A recent article by Bill McKibben has three (actually four) incredibly important numbers that we all need to know and use.
The First Number
2
Two degrees Celsius is the maximum amount of warming that the planet can stand without fundamental damage to our way of life. Actually many scientists now view that as overly optimistic, given the amount of damage (heat waves, droughts fires and floods) we are seeing with just 0.8 degrees Celsius.
The Second Number
565
565 Gigatons is the amount of carbon we can put into the atmosphere before hitting that 2 degrees Celsius. Our current rate of addition is about 32 Gigatons per year, and that rate has been edging upward by about 3 % per year, notwithstanding global efforts at renewables, energy conservation, and the Kyoto protocol. The rate of increase has been remarkably stable, regardless of all the scientific data on climate change and the policy changes discussed worldwide.
The Third Number
2795
The current proven reserves of fossil fuels contain 2795 Gigatons of carbon. This is the "proven" reserves, the reserves that fossil fuel companies already know they have on hand, the amount that is reflected in their stock prices, the stuff they bought with every intention of getting it out and burning it, and that their stockholders fully expect them to get out and burn. This does not include any future discoveries or speculative fuels, this is proven reserves that they now own.

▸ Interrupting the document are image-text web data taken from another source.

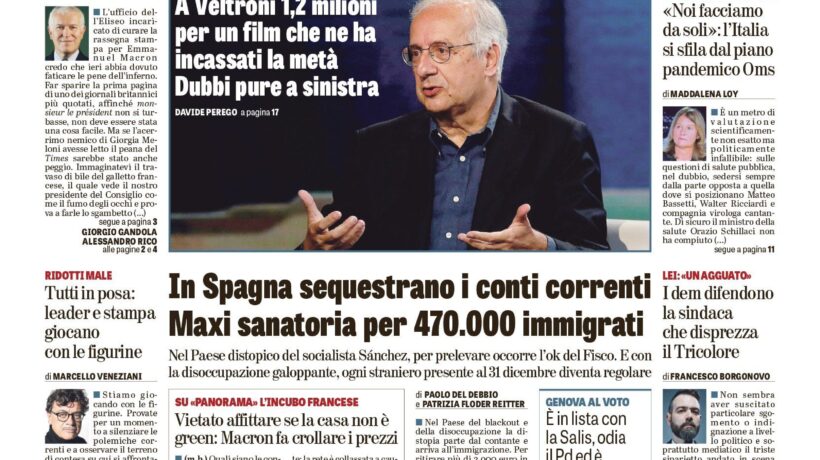Oggi in edicola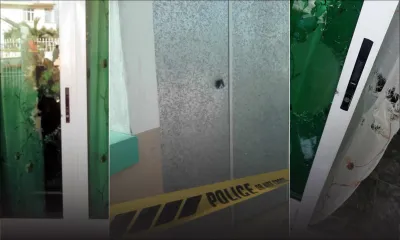 À New-Grove : des coups de feu tirés sur une maison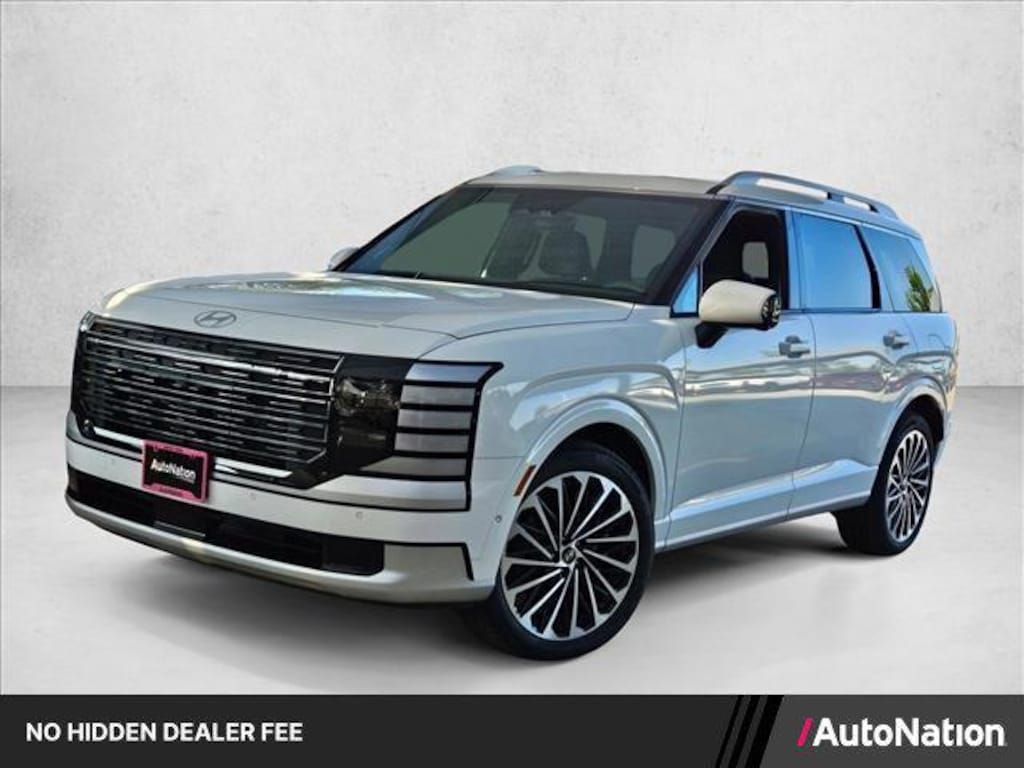 New 2026 Hyundai Palisade Calligraphy FWD Sport Utility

This leads directly to the Fourth Number
16
If we can not exceed 565 gigatons, and we continue adding 32 gigatons per year, and rising, we will exceed the maximum tolerable dose in 16 years. That means if your kid is in kindergarten today, catastrophic climate change strikes the whole planet before he leaves highschool. Those who think of climate change as some far off event, need to realize that fundamental change must come very soon, or it is "game over".
So this means we must convince the fossil fuel companies to leave 80 % of their proven reserves in the ground, or the planet dies. Anyone who thinks that Exxon or Arch Coal will have spent the kind of money they did to buy these reserves and will just walk away from them in order to save the planet, has not been paying attention. McKibben argues that the environmental movement needs to clearly identify the "enemy", in order to get the attention of the masses, ans these numbers should clearly identify fossil fuel companies as the "enemy" in the minds of most Americans.